Di contro, stando al tema legato ai vincoli che vengono ora a gravare sugli avvocati più “maturi”, è davvero da chiedersi se si possa porre il diritto individuale in soggezione, in nome dell’interesse generale, a prescindere dall’esistenza di efficaci modelli alternativi di tutela che pure si sono prospettati, mediante impiego dei tamponi.
Il diritto dell’individuo alla salute non può considerarsi in ogni caso cedevole nei confronti del dovere dello Stato e dei provvedimenti adottati a tutela dell’interesse della collettività, in adesione a fin troppo sfacciate strategie sanitarie discutibili, né potrebbe ritenersi che qualsiasi trattamento coattivo sia giustificato, solo perché anela al benessere sociale, tutto ancora da dimostrare.
Il diritto alla salute anche individuale si lega a quello del rispetto della persona umana e pone in primo piano il problema del consenso, la cui necessità può essere bilanciata solamente per dimostrate e imprescindibili esigenze di tutela di valori con pari dignità costituzionale ed, in ogni caso, anche con riguardo agli obblighi vaccinali, occorre bilanciare la tutela della salute collettiva con l’autodeterminazione individuale; fattore particolarmente significativo per il difensore, quale soggetto chiamato e tenuto ad esercitare il diritto di difesa di ogni individuo.
Infatti, mentre gli Uffici giudiziari -inquirenti e giudicanti- sono impersonali, il difensore interpreta una funzione strettamente legata all’individualità perché, a differenza dei Magistrati precostituiti per legge, è scelto dall’assistito e ne raccoglie la fiducia, sicchè il rapporto tra un cittadino e il suo difensore è presupposto fondamentale del diritto di difesa, se ancora di difesa si voglia parlare e non del suo simulacro.
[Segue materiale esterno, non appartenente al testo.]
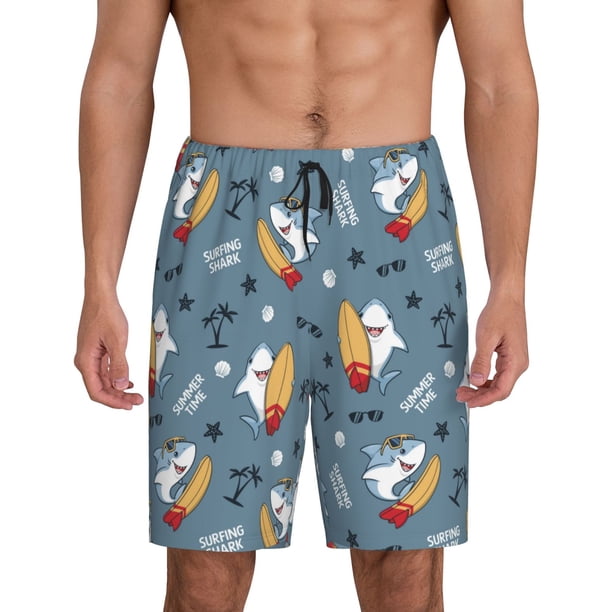 Fotbe Surf Shark Pantalones Cortos de Pijama para Hombre, Ropa de Dormir, Pantalones de Pijama Cortos para Hombre-Small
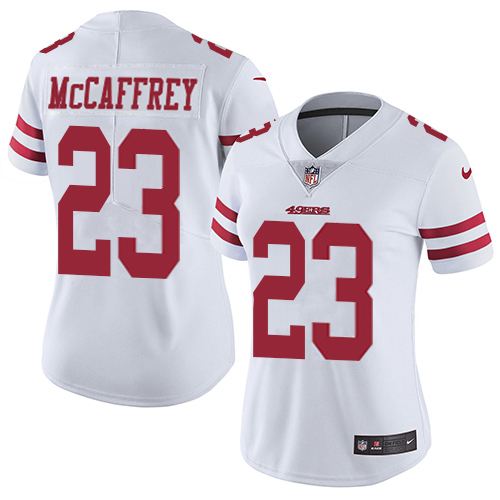49ers #23 Christian McCaffrey White Women's Stitched Vapor Untouchable Limited Jersey cheap jerseys for sale - CheapJerseys.Shop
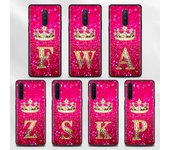 Funda a prueba de golpes para OnePlus Nord 2 5G 10 9 7 8 Pro 8T para Oppo A53 A16 A15 Funda de silicona negra Funda de corona de diamante letra A Oppo A15(A15s)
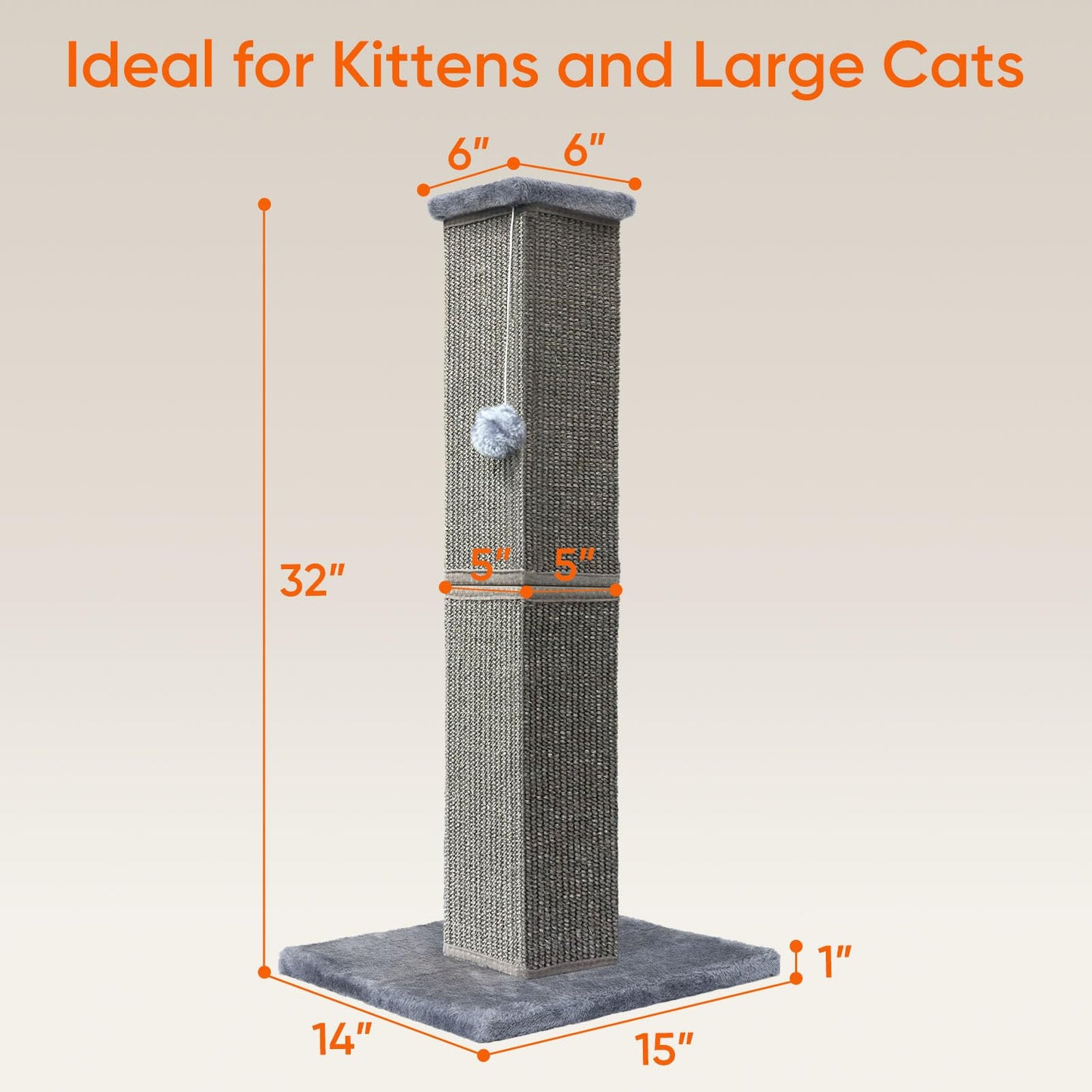 YULOYI Cat Scratching Post for Indoor Large Cats and Kitten, Scratcher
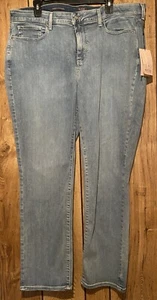 NWT NYDJ 20W Marilyn Straight Leg Stretch Denim Jeans Lift Tuck Haley Blue - Picture 1 of 4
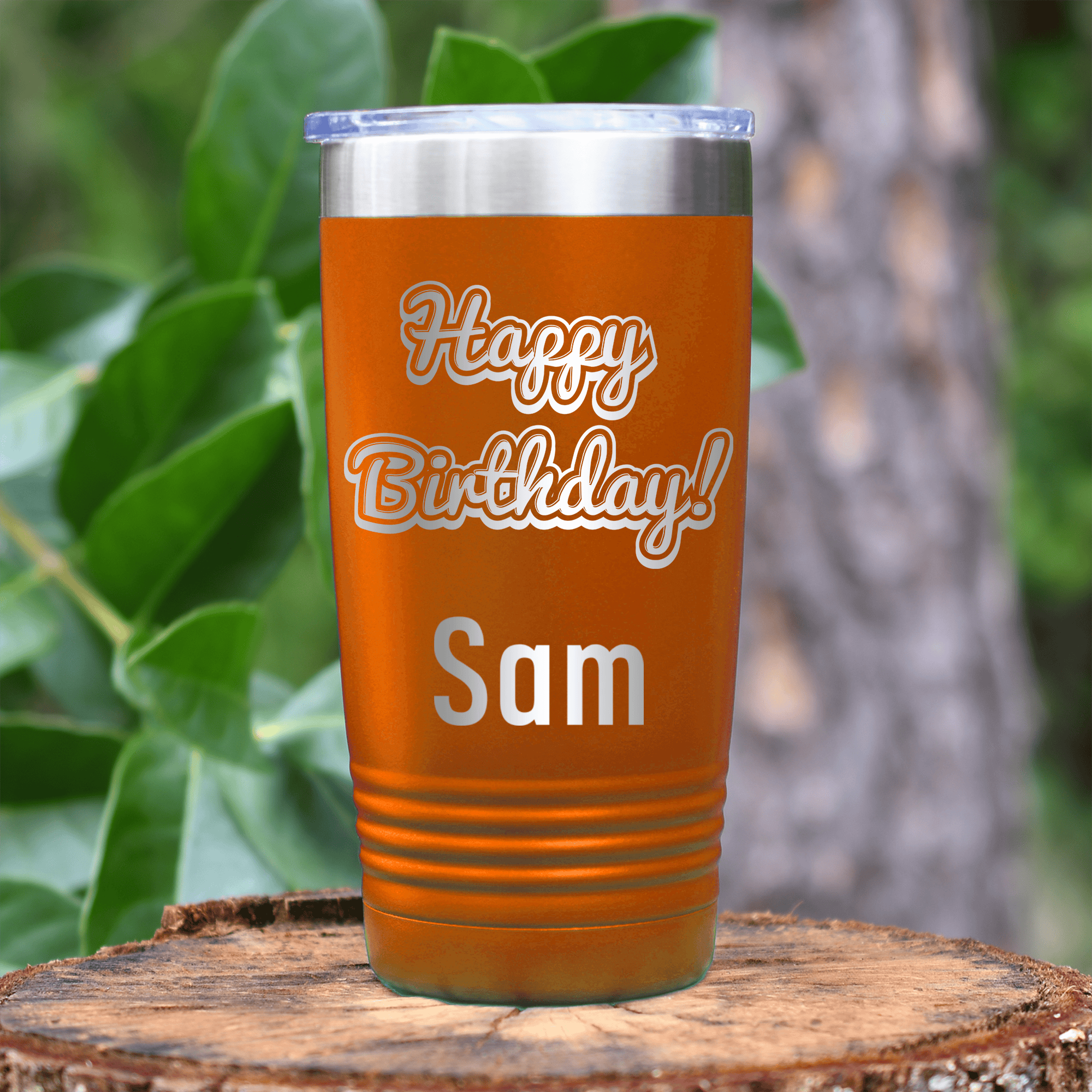 Orange Birthday Tumbler With Happy Birthday Design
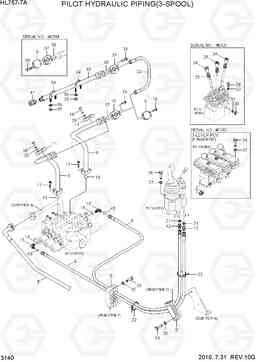 3140 PILOT HYDRAULIC PIPING(3-SPOOL) HL757-7A, Hyundai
Non si tratta di essere ribelli o di non avvertire il bene collettivo; ma una volta che si è disposti doverosamente ad offrire dimostrazione della propria negatività al virus, perché essere egualmente ostracizzati, a scapito anche di chi ha fiducia in noi ?
Cedere ora, senza aver prima risolto questo nodo, sarebbe una inaccettabileabile resa.